Estas aulas de Formação Cívica incluem-se nas temáticas de educação para a cidadania.


O programa ECO-ESCOLAS na Escola Marquesa de Alorna

Aula de Formação Cívica.
Sumário: Visionamento de um vídeo de sensibilização para os problemas ambientais. Eleição do "Embaixador para o Ambiente" do Eco-escolas. 



Mais do que nunca, é preciso estar atento às problemáticas ambientais. Vê o vídeo:

Preservação da Natureza - Terra, Planeta vivo!

por: Elaine Rodrigues & Leila Jéssica, Ciências Biológicas - UFRN / Brasil

PROBLEMÁTICA

Os problemas ambientais vividos no mundo de hoje são consequência direta da intervenção humana no planeta e nos ecossistemas, causando desequilíbrios ambientais no planeta, comprometendo a vida.     A Educação Ambiental é um caminho possível para mudar atitudes e, por consequência, o mundo, permitindo ao aluno [...] trilhar um caminho que o leve a um mundo mais justo, mais solidário, mais ético, enfim, mais sustentável.”

APRESENTAÇÃO DO PROGRAMA

O Eco-Escolas é um Programa Internacional, desenvolvido em Portugal desde 1996 e há alguns anos nesta escola, que pretende encorajar ações e reconhecer o trabalho de qualidade desenvolvido pelas escolas no âmbito da Educação Ambiental e/ou Educação para o Desenvolvimento Sustentável.
Para aderir a escola tem de manifestar vontade de melhorar o seu desempenho ambiental, envolvendo a comunidade e em especial os alunos nos processos de decisão e implementação do programa, em qualquer das suas fases.

Conselho Eco-Escolas
Um dos primeiros passos é a criação do Conselho Eco-Escolas, que deve ser representativo da comunidade escolar.

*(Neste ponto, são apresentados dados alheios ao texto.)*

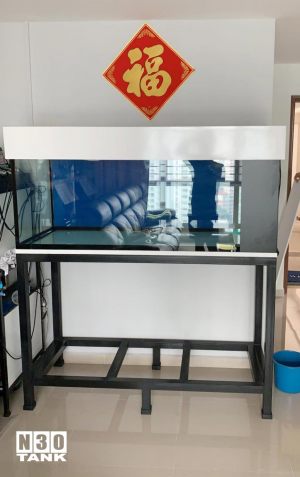 MT-818: N30 5 feet Tank 60" (L) x 24" (W) x 24" (H) - White brace aquarium with side ious filter on mild steel stand.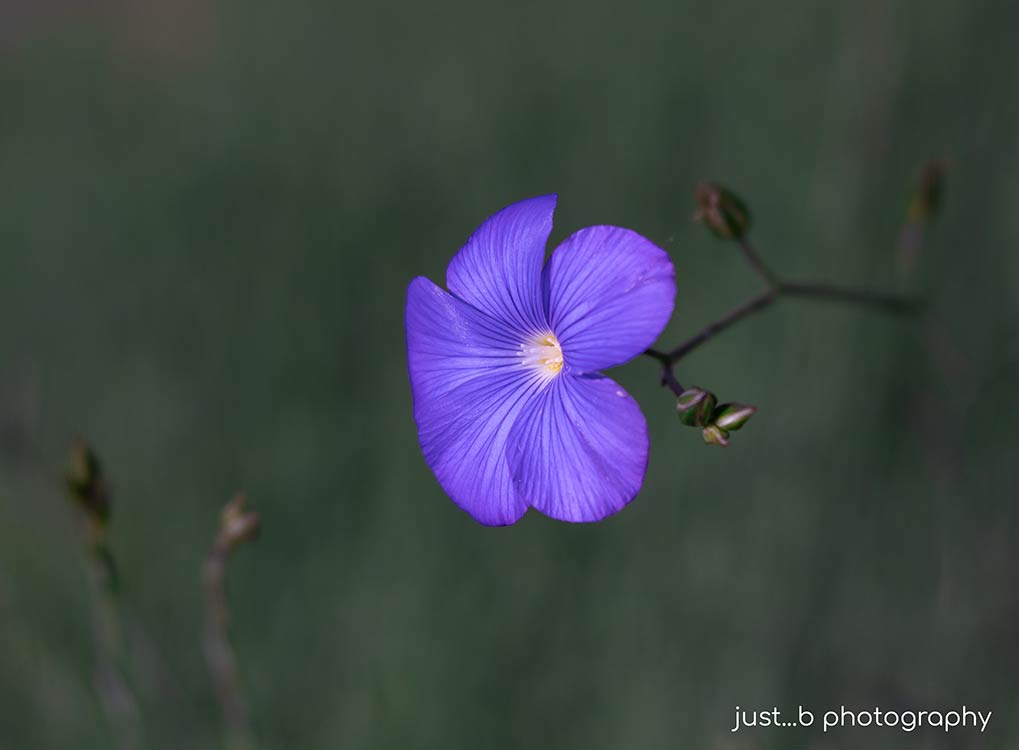 A solitary blue flax appears to be floating in greenery.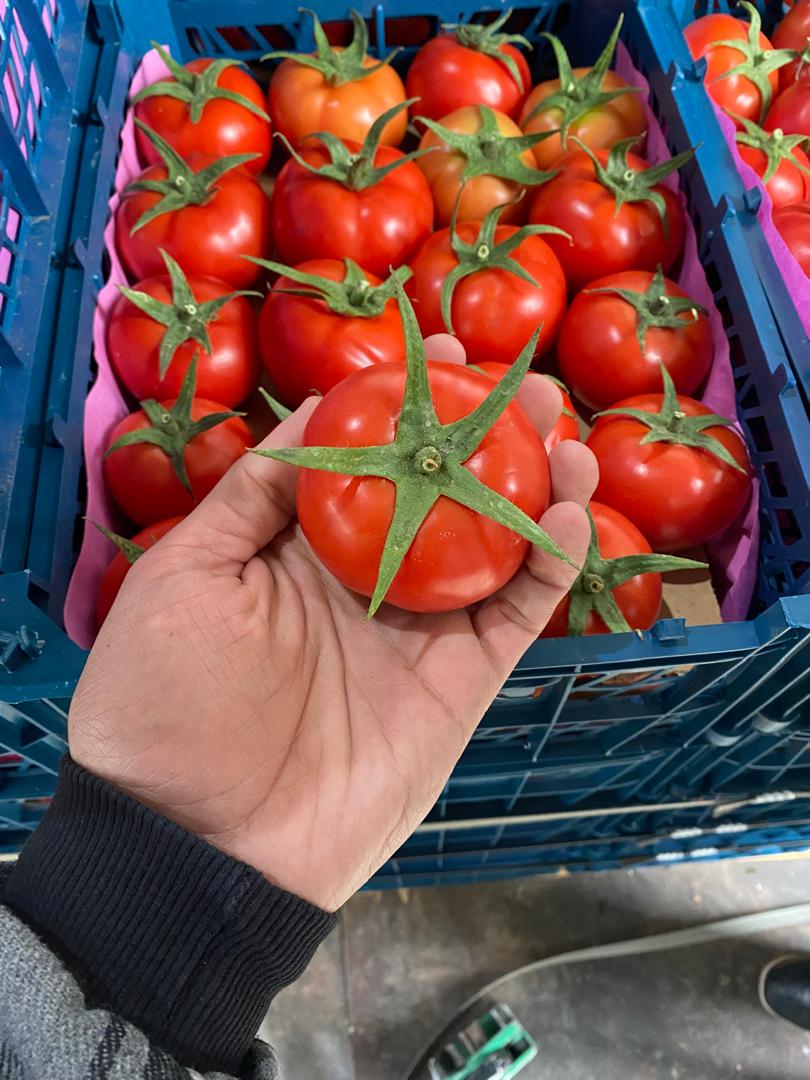 Tomatos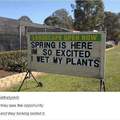 That's plantastic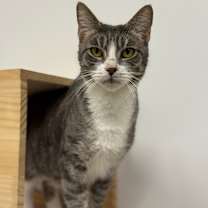 Thumbnail photo of Thalora(C000-671) - City of Industry Location #1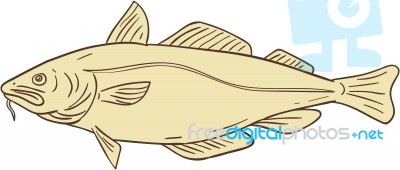 Atlantic Cod Fish Drawing Stock Image
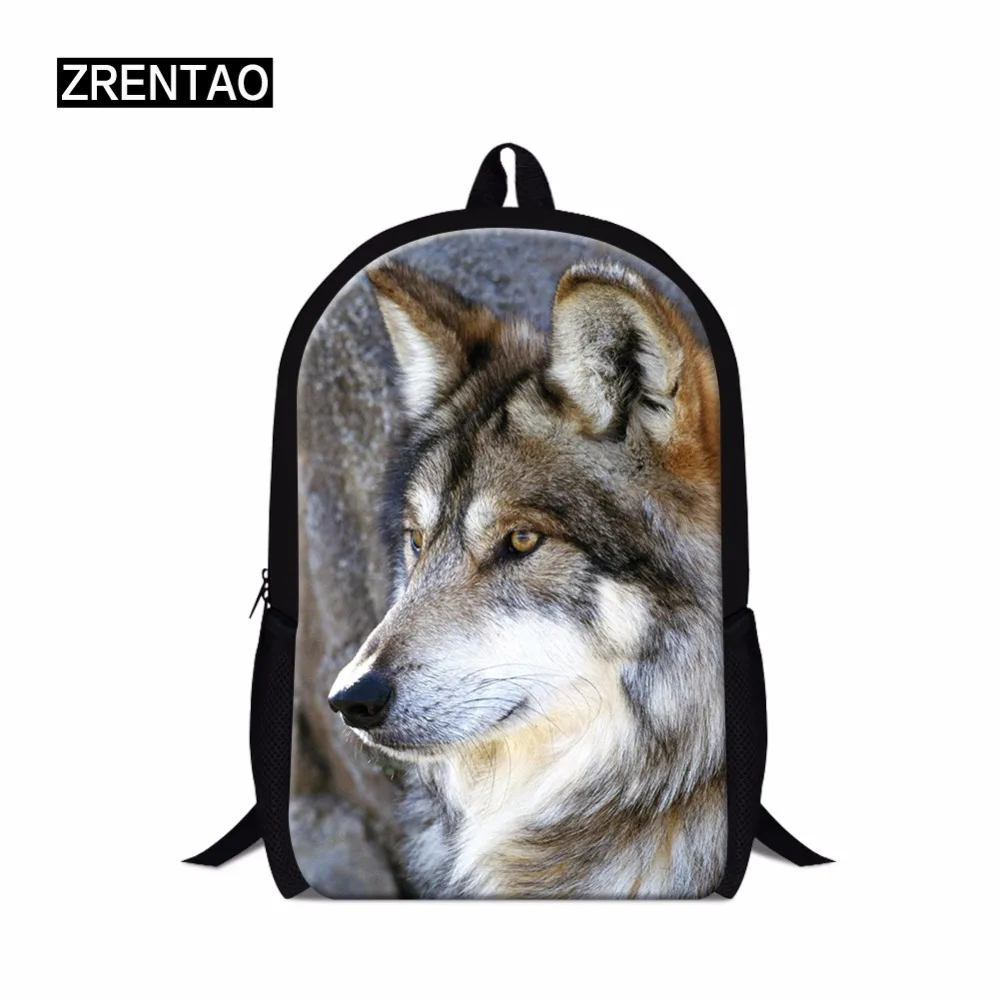 school knapsack  college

A eleição do “Embaixador para o Ambiente”
Para tal solicita-se aos Diretores de Turma que divulguem esta atividade e que moderem na sua turma a eleição do seu “Embaixador para o Ambiente” cujo trabalho será:

  • Representação da turma no Conselho Eco-Escolas;
  • Informar a turma dos assuntos discutidos;
  • Dinamizar as atividades e, sempre que possível, envolver os colegas da turma nestas;
  • Transmitir as suas ideias e as dos colegas de turma no Conselho Eco-Escolas.
Após eleição, o DT fará o favor de registar os elementos de identificação do aluno eleito (Nome /Nº/turma), no quadro da folha amarela afixada na sala dos DT’s.
Esta aula de Formação Cívica inclui-se nas temáticas de educação para a cidadania.

CONSELHO ECO-ESCOLAS – EMBAIXADORES DO AMBIENTE 2014/2015


 SESSÕES CALENDARIZADAS:

16/12/2014 – 14h30
26/02/2014 – 15h30
13/05/2014 – 15h30
4/06/2014, Fórum dos Embaixadores – De Tarde.